Peter Blood(the dashing Kieron Moore, perfectly conveying the drive and determination of a scientist with paranoia and madness brewing inside)returns to his small village home of Grenville after extensive schooling in Vienna. What his father Dr. Robert Blood(Ian Hunter), the beloved, hardworking village physician, or nurse Linda Parker(the lovely Hazel Court), his possible love interest, neither know is just what Peter is capable of in pursuing his goal to make a living, beating heart revive a dead body. Peter takes it upon himself to choose the lowest of village folk to paralyze with a poison that removes their ability to move much or talk, enabling him to surgically remove their hearts while they remain alive, with horrified eyes revealing the only cries of help available to them. Peter has a secret "lab" in a small place within tunnels underneath the ruins of an abandoned mine. Opportunity arises for Peter to gain control of human subjects when his father must leave for nearby Plymouth, out of town, as he works in his place with access to tools, equipment, and space. But, it'll only be a matter of time before Peter will make that ultimate mistake which will reveal his evil ways. He wholeheartedly believes in what he's doing..scientists must be "ruthless and unafraid" of what the critical majority as a whole thinks, Peter feels that important people should live in place of the "inferior" beings who merely occupy space, when their beating hearts could thrive in those better suited to make the world a better place.

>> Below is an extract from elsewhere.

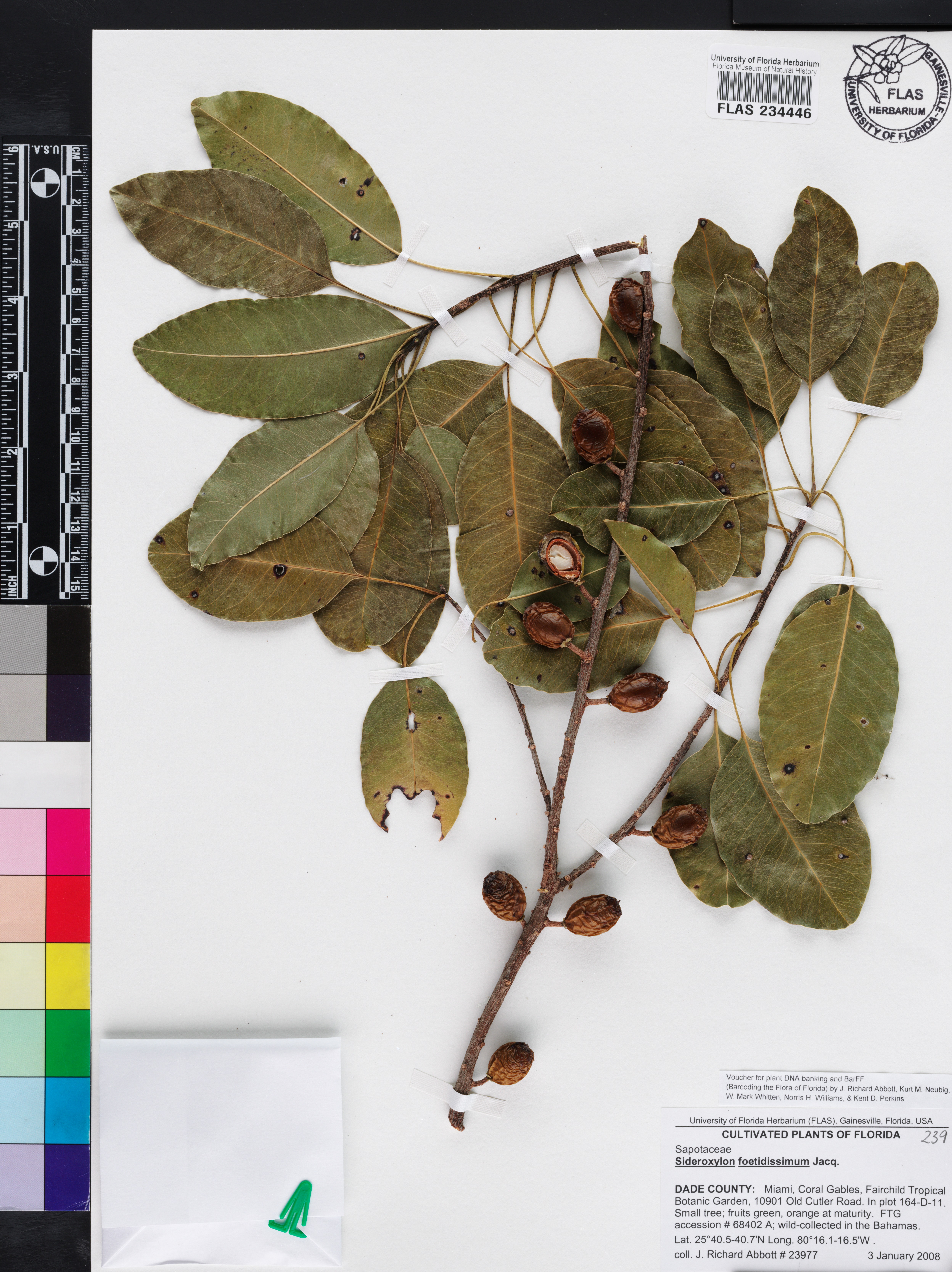 Sideroxylon foetidissimum image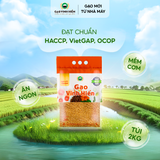  Gạo lứt VietGAP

This was actually a pleasant surprise. I thought the premise was grisly enough and the idea that Peter has trust from those in the village, creates much in the way of suspense. There's this masterstroke of a scene where this poor soul, given poison, makes his way, painstakingly, out of Peter's cavernous lair outside to an ocean embankment only to face the fact that the village is using as their physician, currently taking Robert's place, the very man who committed the sickening act to him. Hazel Court is the voice of reason, using Peter's attempts at being God against him to no avail when she suspects, and is right, that he's doing inhumane things. Kenneth J Warren is the village Sergeant Cook, who is investigating missing citizens and unusual deaths. An important scene comes in the middle portion of the film when Peter is first caught by the village's elderly coroner, attempting a surgical heart removal on a citizen in the morgue. Interrupted by coroner Morton(Gerald Lawson)while in the process of removing the heart, Peter kills him accidentally setting off a chain of events will lead to his downfall. The body he was working on dies, so he'll have to seek a second victim. Peter has to somehow hide Morton's body, take over as coroner doing autopsies which have the poison he put inside them, trying to evade curious eyes seeking answers to odd occurrences. You see, through Moore's performance, a man squirming to correct mistakes he himself made trying somehow to stay one step ahead.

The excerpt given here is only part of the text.